Charlotte: Building a Web Harvesting Service

Kyle Rimkus, Sarah Shreeves, Tracy Popp, Joanne Kaczmarek, Ellen Swain and I would like to submit an innovation fund request.

We request graduate hourly support to build out a web harvesting service, which the web archive working group (Kyle, Tracy, Sarah and me) have named Charlotte, with a hat tip to EB Webb.

We request twelve thousand dollars for graduate hourly support to seed the service with URL’s, to structure the files using tags, and to investigate the possibility of ingesting previously harvested websites into the service.  These files are at present  safely preserved in the archives e-records repository, but are intellectually uncontrolled and in need of descriptive and ingest work.

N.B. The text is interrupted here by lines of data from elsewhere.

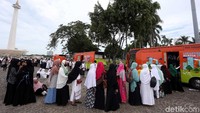Antrean menuju toilet dibagi menjadi beberapa baris.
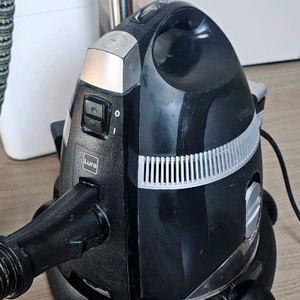 루라 물필터 유선 청소기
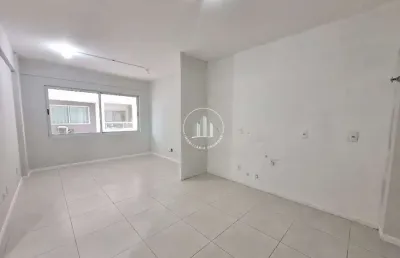 Apartamento com 2 quartos à venda na Rua Antônio Basil Schroeder, 92, Barreiros, São José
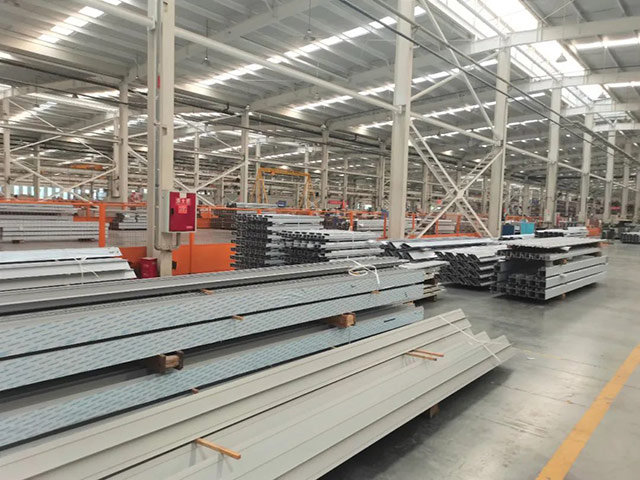 米瑪全向叉車.jpg 米瑪全向叉車.jpg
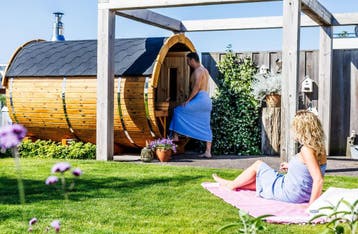 Finse Outdoor Barrel Sauna | Thermowood buitensauna, Ophalen of Verzenden, Nieuw, Fins of Traditioneel, Complete sauna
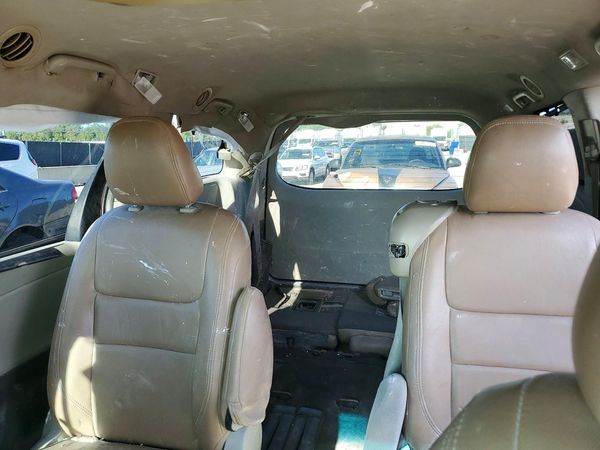 2016 TOYOTA SIENNA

The money would be split about 60/40 between two tasks:

  • seeding the service with URL’s,  tagging sites, adding metadata,conducting quality assurance testing, and refining our draft policy framework based on our experience; and
  • conducting computer development/programming work to style the service, to develop its brand, and to provide access to previously harvested content.

The latter work will be completed by a CS graduate student.

As part of this pilot project, we will focus exclusively on preserving University related content, including official websites of colleges, departments, etc, as well as websites documenting faculty research and student organizations.  Using this experience, we will refine policy documents and draft additional guidelines to allow for the development of subject-based external collections, after evaluation against a set of criteria to be developed in conjunction with CDC.  Early drafts of guidelines, authored by Tracy Popp with advice from me, Kyle, and Sarah are available at https://wiki.cites.illinois.edu/wiki/display/ulwas/Project+Management+Documentation#ProjectManagementDocumentation-Policies

As background, I would note that the core service is provided under a contract with California Digital Library, using funds supplied by Tom Teper, and which Tracy Popp shepherded through a lengthy grants and contracts process. The files will be hosted on a CD site, branded for the University, and the contract allows us to receive a copy of the harvested files at any time (for a nominal fee), in the .warc (web archive) format.

Upon project completion, we will evaluate our efforts and recommend a method by which the work to harvest univeristy/faculty/student organization websites can be mainstreamed into the normal work of the University Archives/IDEALS, while allowing for the development of subject based collections.

Thanks,

Chris


Christopher J. Prom, PhD